◆ ABOUT THIS EXERCISE ◆
Word for word, please copy the listing below, with its pictures left out.

◆ INFORMATION PROVIDED ◆

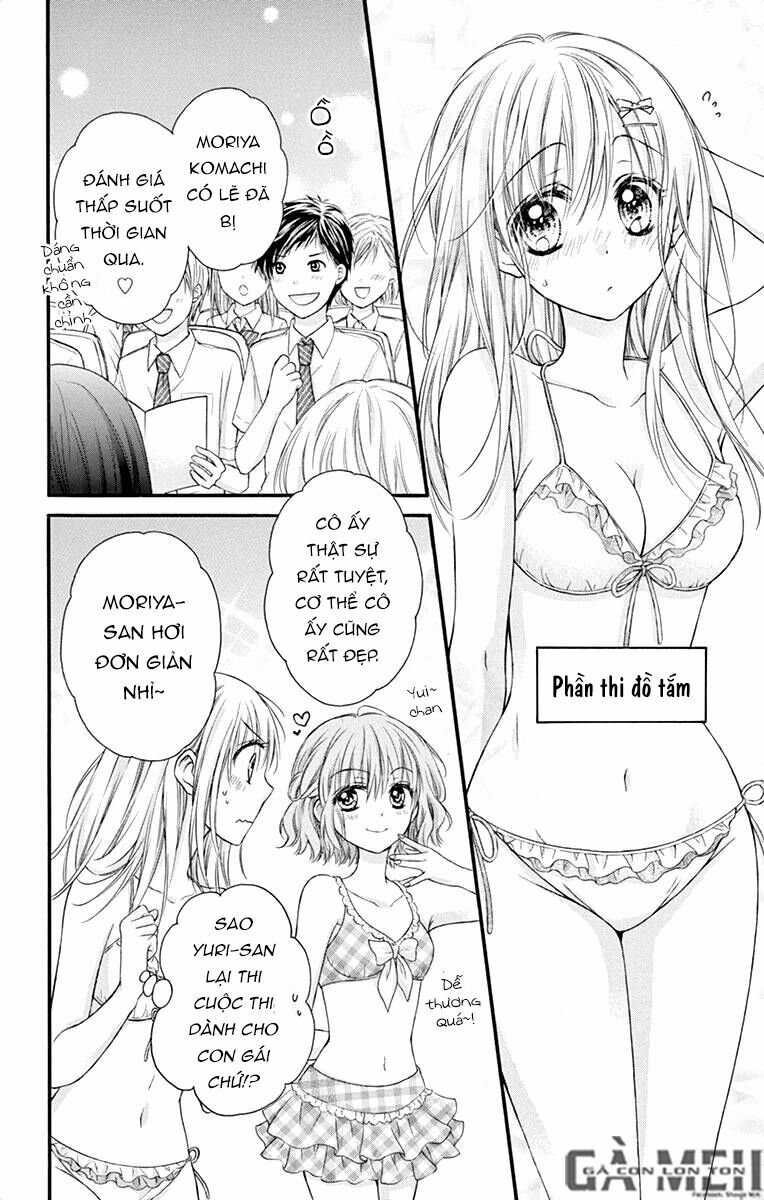 Kaichou-sama ga Fiancee De: Chapter 15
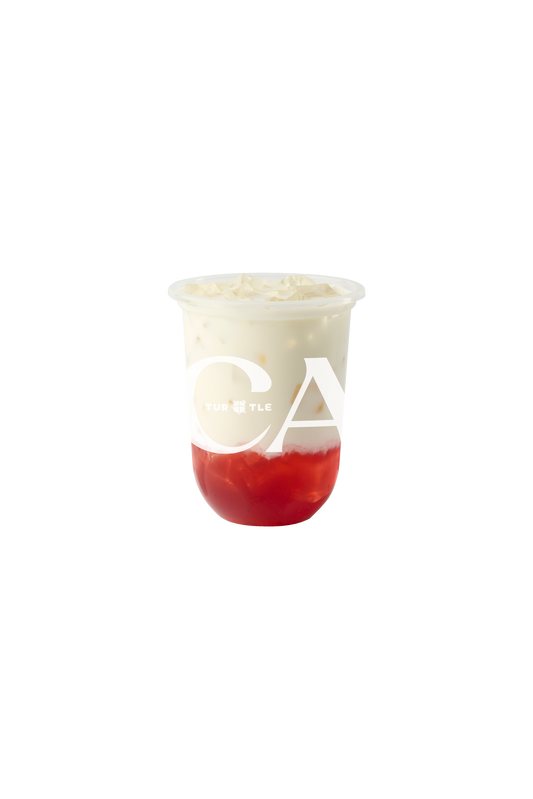 เทอร์เทิล นมสดสตรอว์เบอร์รี 16oz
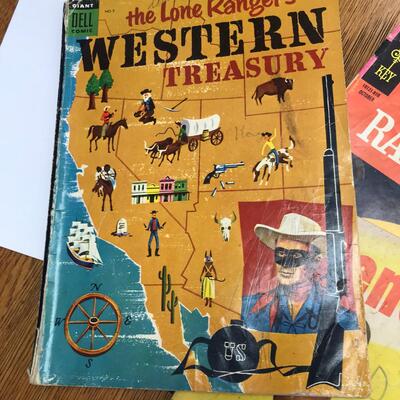 Lot of 7 Western Comic Books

◆ TASK RESULT ◆
 Kaichou-sama ga Fiancee De: Chapter 15
 เทอร์เทิล นมสดสตรอว์เบอร์รี 16oz
 Lot of 7 Western Comic Books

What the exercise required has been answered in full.